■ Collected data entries
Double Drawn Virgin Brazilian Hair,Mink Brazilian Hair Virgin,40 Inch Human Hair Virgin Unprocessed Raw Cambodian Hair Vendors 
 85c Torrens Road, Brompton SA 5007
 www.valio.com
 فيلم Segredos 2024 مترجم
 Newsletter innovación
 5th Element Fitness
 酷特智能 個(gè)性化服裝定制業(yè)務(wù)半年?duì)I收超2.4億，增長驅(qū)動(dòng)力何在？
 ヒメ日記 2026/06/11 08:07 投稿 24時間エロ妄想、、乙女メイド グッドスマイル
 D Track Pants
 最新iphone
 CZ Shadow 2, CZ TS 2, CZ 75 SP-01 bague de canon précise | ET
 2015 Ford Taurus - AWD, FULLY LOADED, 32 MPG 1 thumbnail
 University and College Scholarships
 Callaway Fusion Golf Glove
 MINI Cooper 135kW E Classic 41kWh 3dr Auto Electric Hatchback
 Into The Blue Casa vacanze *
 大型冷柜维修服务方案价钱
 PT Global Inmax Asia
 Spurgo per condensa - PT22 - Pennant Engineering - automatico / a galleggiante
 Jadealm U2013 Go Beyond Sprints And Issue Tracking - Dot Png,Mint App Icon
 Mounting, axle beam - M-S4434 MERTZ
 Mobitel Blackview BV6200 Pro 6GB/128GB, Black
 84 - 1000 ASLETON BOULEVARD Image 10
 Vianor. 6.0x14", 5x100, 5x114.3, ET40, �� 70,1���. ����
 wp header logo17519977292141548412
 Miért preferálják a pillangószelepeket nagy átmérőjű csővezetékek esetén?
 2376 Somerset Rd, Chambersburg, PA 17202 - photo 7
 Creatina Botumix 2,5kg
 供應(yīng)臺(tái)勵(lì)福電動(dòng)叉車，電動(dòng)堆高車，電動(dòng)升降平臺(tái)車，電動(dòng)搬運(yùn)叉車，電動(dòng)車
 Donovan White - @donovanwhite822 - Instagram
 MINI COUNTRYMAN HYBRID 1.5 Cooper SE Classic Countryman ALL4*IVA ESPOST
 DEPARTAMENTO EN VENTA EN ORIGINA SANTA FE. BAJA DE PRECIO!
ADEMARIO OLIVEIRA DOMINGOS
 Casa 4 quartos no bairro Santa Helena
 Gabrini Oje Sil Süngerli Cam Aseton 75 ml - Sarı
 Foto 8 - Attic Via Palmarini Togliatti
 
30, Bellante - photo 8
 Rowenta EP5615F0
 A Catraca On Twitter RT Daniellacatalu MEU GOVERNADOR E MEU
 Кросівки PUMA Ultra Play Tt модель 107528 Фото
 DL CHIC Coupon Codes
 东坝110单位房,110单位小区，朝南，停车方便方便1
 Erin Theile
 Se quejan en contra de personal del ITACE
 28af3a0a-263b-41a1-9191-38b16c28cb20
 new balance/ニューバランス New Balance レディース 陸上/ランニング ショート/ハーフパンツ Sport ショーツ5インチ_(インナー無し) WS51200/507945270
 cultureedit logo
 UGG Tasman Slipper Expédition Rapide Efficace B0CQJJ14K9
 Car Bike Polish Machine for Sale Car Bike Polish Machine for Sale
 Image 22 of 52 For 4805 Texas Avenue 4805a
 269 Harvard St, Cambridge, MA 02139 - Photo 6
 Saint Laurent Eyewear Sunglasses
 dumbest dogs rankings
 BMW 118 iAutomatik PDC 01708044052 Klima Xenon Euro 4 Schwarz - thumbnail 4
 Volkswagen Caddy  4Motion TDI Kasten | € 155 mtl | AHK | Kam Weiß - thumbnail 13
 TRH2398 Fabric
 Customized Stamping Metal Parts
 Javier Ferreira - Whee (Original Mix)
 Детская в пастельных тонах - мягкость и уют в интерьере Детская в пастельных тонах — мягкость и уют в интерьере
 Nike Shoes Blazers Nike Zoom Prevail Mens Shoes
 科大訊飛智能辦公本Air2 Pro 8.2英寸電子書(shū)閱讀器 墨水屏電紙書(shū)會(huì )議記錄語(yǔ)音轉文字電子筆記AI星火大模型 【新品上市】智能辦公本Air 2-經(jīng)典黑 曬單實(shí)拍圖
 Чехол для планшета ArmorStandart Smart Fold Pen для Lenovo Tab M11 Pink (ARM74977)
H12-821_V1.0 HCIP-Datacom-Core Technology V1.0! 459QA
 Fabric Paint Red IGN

■ WORK REQUEST
Write the entries above out again, unchanged and complete.

■ EXPECTED ANSWER
Double Drawn Virgin Brazilian Hair,Mink Brazilian Hair Virgin,40 Inch Human Hair Virgin Unprocessed Raw Cambodian Hair Vendors 
 85c Torrens Road, Brompton SA 5007
 www.valio.com
 فيلم Segredos 2024 مترجم
 Newsletter innovación
 5th Element Fitness
 酷特智能 個(gè)性化服裝定制業(yè)務(wù)半年?duì)I收超2.4億，增長驅(qū)動(dòng)力何在？
 ヒメ日記 2026/06/11 08:07 投稿 24時間エロ妄想、、乙女メイド グッドスマイル
 D Track Pants
 最新iphone
 CZ Shadow 2, CZ TS 2, CZ 75 SP-01 bague de canon précise | ET
 2015 Ford Taurus - AWD, FULLY LOADED, 32 MPG 1 thumbnail
 University and College Scholarships
 Callaway Fusion Golf Glove
 MINI Cooper 135kW E Classic 41kWh 3dr Auto Electric Hatchback
 Into The Blue Casa vacanze *
 大型冷柜维修服务方案价钱
 PT Global Inmax Asia
 Spurgo per condensa - PT22 - Pennant Engineering - automatico / a galleggiante
 Jadealm U2013 Go Beyond Sprints And Issue Tracking - Dot Png,Mint App Icon
 Mounting, axle beam - M-S4434 MERTZ
 Mobitel Blackview BV6200 Pro 6GB/128GB, Black
 84 - 1000 ASLETON BOULEVARD Image 10
 Vianor. 6.0x14", 5x100, 5x114.3, ET40, �� 70,1���. ����
 wp header logo17519977292141548412
 Miért preferálják a pillangószelepeket nagy átmérőjű csővezetékek esetén?
 2376 Somerset Rd, Chambersburg, PA 17202 - photo 7
 Creatina Botumix 2,5kg
 供應(yīng)臺(tái)勵(lì)福電動(dòng)叉車，電動(dòng)堆高車，電動(dòng)升降平臺(tái)車，電動(dòng)搬運(yùn)叉車，電動(dòng)車
 Donovan White - @donovanwhite822 - Instagram
 MINI COUNTRYMAN HYBRID 1.5 Cooper SE Classic Countryman ALL4*IVA ESPOST
 DEPARTAMENTO EN VENTA EN ORIGINA SANTA FE. BAJA DE PRECIO!
ADEMARIO OLIVEIRA DOMINGOS
 Casa 4 quartos no bairro Santa Helena
 Gabrini Oje Sil Süngerli Cam Aseton 75 ml - Sarı
 Foto 8 - Attic Via Palmarini Togliatti
 
30, Bellante - photo 8
 Rowenta EP5615F0
 A Catraca On Twitter RT Daniellacatalu MEU GOVERNADOR E MEU
 Кросівки PUMA Ultra Play Tt модель 107528 Фото
 DL CHIC Coupon Codes
 东坝110单位房,110单位小区，朝南，停车方便方便1
 Erin Theile
 Se quejan en contra de personal del ITACE
 28af3a0a-263b-41a1-9191-38b16c28cb20
 new balance/ニューバランス New Balance レディース 陸上/ランニング ショート/ハーフパンツ Sport ショーツ5インチ_(インナー無し) WS51200/507945270
 cultureedit logo
 UGG Tasman Slipper Expédition Rapide Efficace B0CQJJ14K9
 Car Bike Polish Machine for Sale Car Bike Polish Machine for Sale
 Image 22 of 52 For 4805 Texas Avenue 4805a
 269 Harvard St, Cambridge, MA 02139 - Photo 6
 Saint Laurent Eyewear Sunglasses
 dumbest dogs rankings
 BMW 118 iAutomatik PDC 01708044052 Klima Xenon Euro 4 Schwarz - thumbnail 4
 Volkswagen Caddy  4Motion TDI Kasten | € 155 mtl | AHK | Kam Weiß - thumbnail 13
 TRH2398 Fabric
 Customized Stamping Metal Parts
 Javier Ferreira - Whee (Original Mix)
 Детская в пастельных тонах - мягкость и уют в интерьере Детская в пастельных тонах — мягкость и уют в интерьере
 Nike Shoes Blazers Nike Zoom Prevail Mens Shoes
 科大訊飛智能辦公本Air2 Pro 8.2英寸電子書(shū)閱讀器 墨水屏電紙書(shū)會(huì )議記錄語(yǔ)音轉文字電子筆記AI星火大模型 【新品上市】智能辦公本Air 2-經(jīng)典黑 曬單實(shí)拍圖
 Чехол для планшета ArmorStandart Smart Fold Pen для Lenovo Tab M11 Pink (ARM74977)
H12-821_V1.0 HCIP-Datacom-Core Technology V1.0! 459QA
 Fabric Paint Red IGN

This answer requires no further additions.